══ INFORMATION SHOWN
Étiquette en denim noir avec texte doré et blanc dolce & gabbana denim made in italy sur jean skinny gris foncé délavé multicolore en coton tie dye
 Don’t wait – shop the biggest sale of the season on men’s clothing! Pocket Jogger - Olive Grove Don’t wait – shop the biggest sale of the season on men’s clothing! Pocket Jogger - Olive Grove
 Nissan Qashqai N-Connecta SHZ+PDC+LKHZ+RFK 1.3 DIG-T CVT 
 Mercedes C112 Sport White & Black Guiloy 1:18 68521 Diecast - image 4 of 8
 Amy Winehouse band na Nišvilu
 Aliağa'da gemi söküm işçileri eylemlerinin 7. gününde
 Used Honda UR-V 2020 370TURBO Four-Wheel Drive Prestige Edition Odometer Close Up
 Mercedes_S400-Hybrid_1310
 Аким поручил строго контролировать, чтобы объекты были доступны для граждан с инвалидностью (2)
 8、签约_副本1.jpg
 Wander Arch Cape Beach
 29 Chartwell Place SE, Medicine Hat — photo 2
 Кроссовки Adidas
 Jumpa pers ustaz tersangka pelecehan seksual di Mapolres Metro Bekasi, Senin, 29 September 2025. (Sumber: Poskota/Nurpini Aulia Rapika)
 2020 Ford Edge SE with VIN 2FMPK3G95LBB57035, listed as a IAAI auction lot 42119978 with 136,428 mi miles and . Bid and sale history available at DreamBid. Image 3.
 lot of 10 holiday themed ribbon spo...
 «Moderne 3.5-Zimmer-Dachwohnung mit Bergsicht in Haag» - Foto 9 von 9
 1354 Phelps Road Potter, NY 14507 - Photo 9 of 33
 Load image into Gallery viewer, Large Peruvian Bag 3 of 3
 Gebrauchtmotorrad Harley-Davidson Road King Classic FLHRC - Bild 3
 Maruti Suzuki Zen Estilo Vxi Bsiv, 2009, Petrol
════
- _WHAT IS BEING ASKED_:
A complete answer lists every line of the listing above that holds the word "Road".

- _OUTPUT OF THE EXERCISE_:
 1354 Phelps Road Potter, NY 14507 - Photo 9 of 33
 Gebrauchtmotorrad Harley-Davidson Road King Classic FLHRC - Bild 3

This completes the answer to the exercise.